Türkiye Adalet Akademisi Dergisi
Yazarlar: Ömer Adil ATASOY, Eda KURT
Konular:Hukuk
Anahtar Kelimeler:Tekậfül/Katılım Sigortacılığı,Karşılıklı Sigorta,Karşılıksız Çek,Çek Karşılığının Güvenceye Alınması
Özet: Sigorta kurumunun temelinde insanın kendini güvende hissetme eğiliminde olma ihtiyacı yatmaktadır. Güvende hissetme eğilimi özellikle ticaretin gelişmesiyle birlikte ekonomik değerleri de kapsayacak şekilde çeşitlenmiş ve tarih içerisinde farklı isim ve uygulamalar ile kendini göstermiştir.
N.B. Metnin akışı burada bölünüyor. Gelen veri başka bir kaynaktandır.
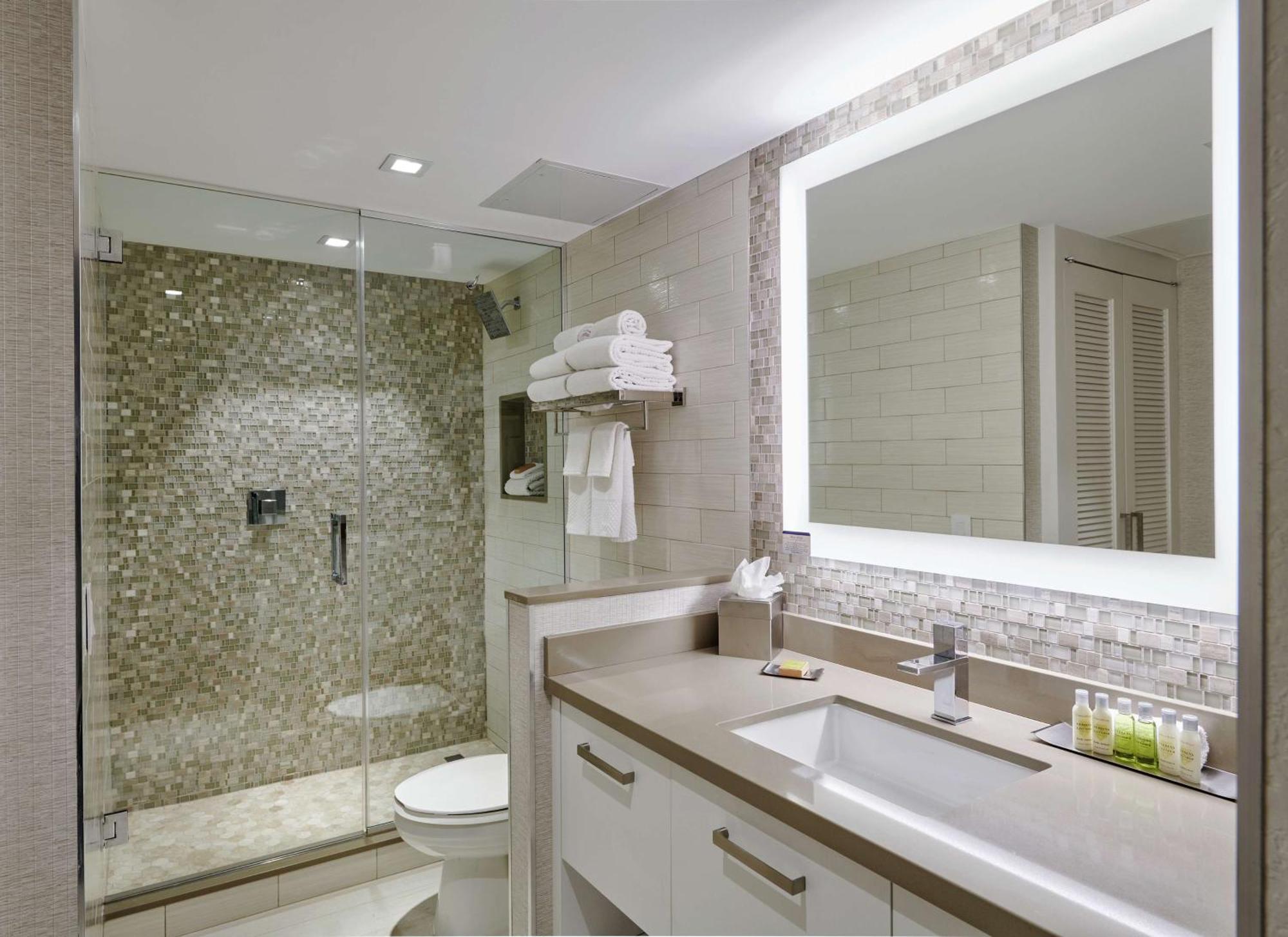 Oceanfront King Suite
Sigorta ile, henüz gerçekleşmemiş ama gerçekleşmesi muhtemel bir tehlikenin yaratacağı zarar, bir sözleşme ilişkisine konu edilmekte ve teminat altına alınan risk üzerinden kazanç ve güvence sağlanmaktadır. İslam dinine mensup kişilerce, belirsizlik unsuru taşıyan sözleşmelerin ve “risksiz kazanç yasağı” ile de faizin hoş görülmemesi, sigorta uygulamalarının bazı manevi, kültürel sebeplerle benimsenmemesi sorununu gündeme getirmiştir1. Bu noktada tekậfül (karşılıklı kefalet) ve bunun Türkiye’deki görünümü olan “Katılım Sigortası” yoluyla, katılım ve karşılıklılık esasına dayalı olarak sigorta güvencesinden yararlanmak isteyen kişiler bakımından tercih edilebilir bir uygulama haline gelmiştir. Çalışmamızda öncelikle, “Katılım Sigortacılığı” genel olarak ele alınarak geleneksel sigorta sisteminden farkları ve bir karşılıklı sigorta türü olma özelliği üzerinde durulacaktır. Gerek dünya gerekse Türkiye’deki tarihi gelişimi ile sigorta pazarındaki pazar payları incelenecektir. Ardından sosyal ve ekonomik yardımlaşma, dayanışma, ticari risk ve kazancın paylaşımı temeline dayanan katılım sigortacılığının, karşılıklılık ve risk paylaşımı niteliği ile Türk ticaret hayatındaki en güncel ve önemli sorunlardan biri olan, karşılıksız çek düzenlemekten doğan ticari risklerin önlenmesinde etkin bir rol alabilir mi sorusu yanıtlanmaya çalışılacaktır.